The RAD highlighted the lack of other credible documentary evidence to corroborate his arrests and whether he had been charged at all. The RAD noted that the police took money and received a bribe to release the Applicant. The RAD discussed objective evidence contained in the NDP that a FIR is registered when an offender is formally charged with a crime in India and noted the Applicant’s testimony that no FIR was registered in his regard.

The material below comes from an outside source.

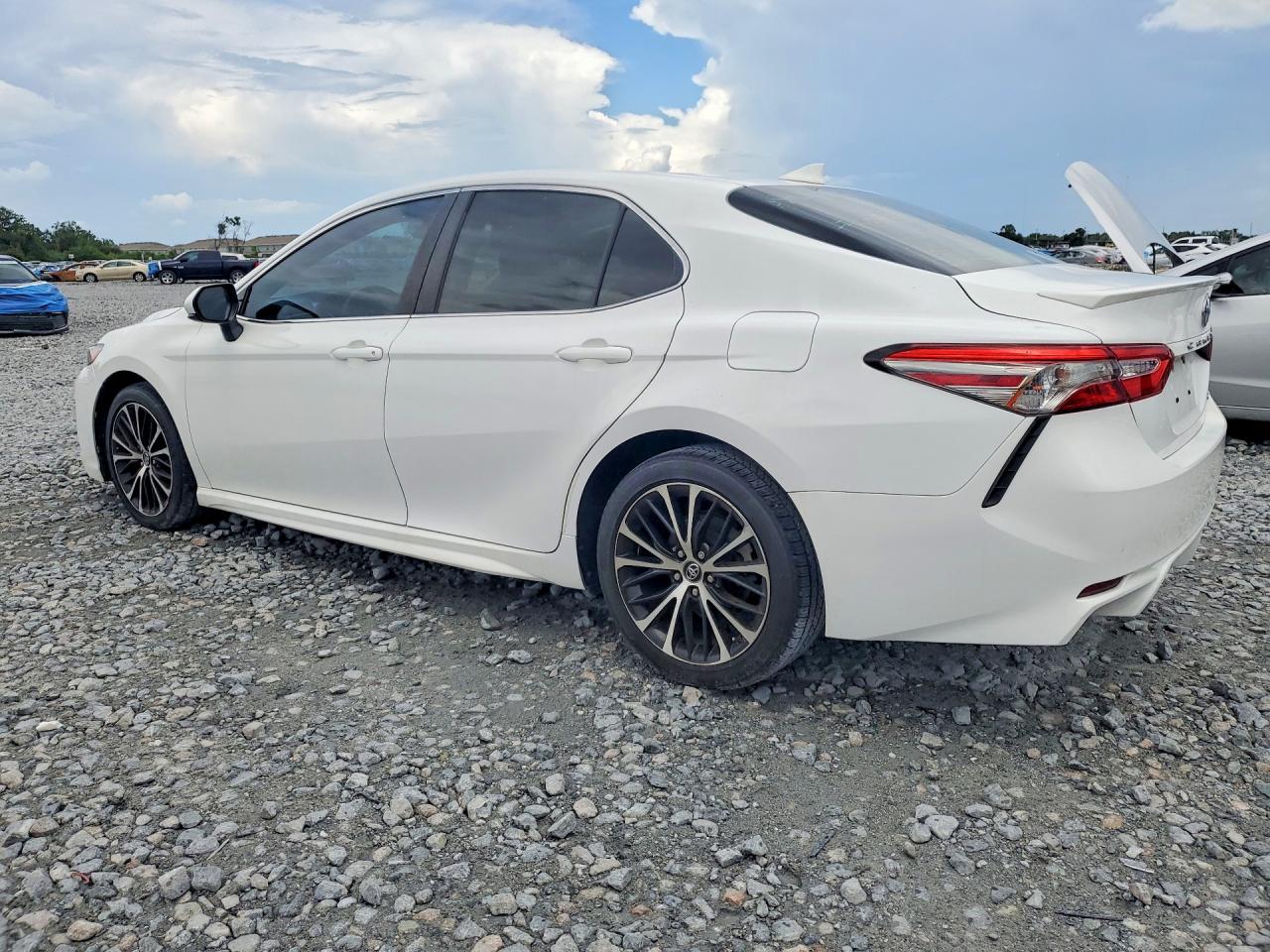 2019 TOYOTA CAMRY SE — снимка 2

The RAD found that the only evidence corroborating his arrests were in an affidavit from his father and the village Sarpanch, both of which repeat, “almost verbatim”,
the allegations in his basis of claim document.
[31] The RAD panel concluded as the RPD had that, on a balance of probabilities, the Applicant’s arrests were extrajudicial and that the police would not leave any trace in any database or in any other place (including the daily diary or general diary of the police station) accessible by other persons who may threaten him with unwanted scrutiny.
[32] The RAD considered the Applicant’s claim of having seen police enter his personal information into a laptop and, further, his position that he would not need to be “officially charged”
to have his personal information entered into the CCTNS. The RAD found on a balance of probabilities that the police having taken the Applicant’s photograph, fingerprints and signature does not mean that his personal information had been entered into in a police or persons of interest database. In reaching this conclusion, the RAD considered the circumstances of the Applicant’s extrajudicial arrests and objective evidence in the NDP in which the Executive Director of the South Asia Terrorism Portal and the Institute for Conflict Management indicated in their 2023 Response to Information Request that no official records of extrajudicial arrests are maintained in official criminal databases in India including the CCTNS.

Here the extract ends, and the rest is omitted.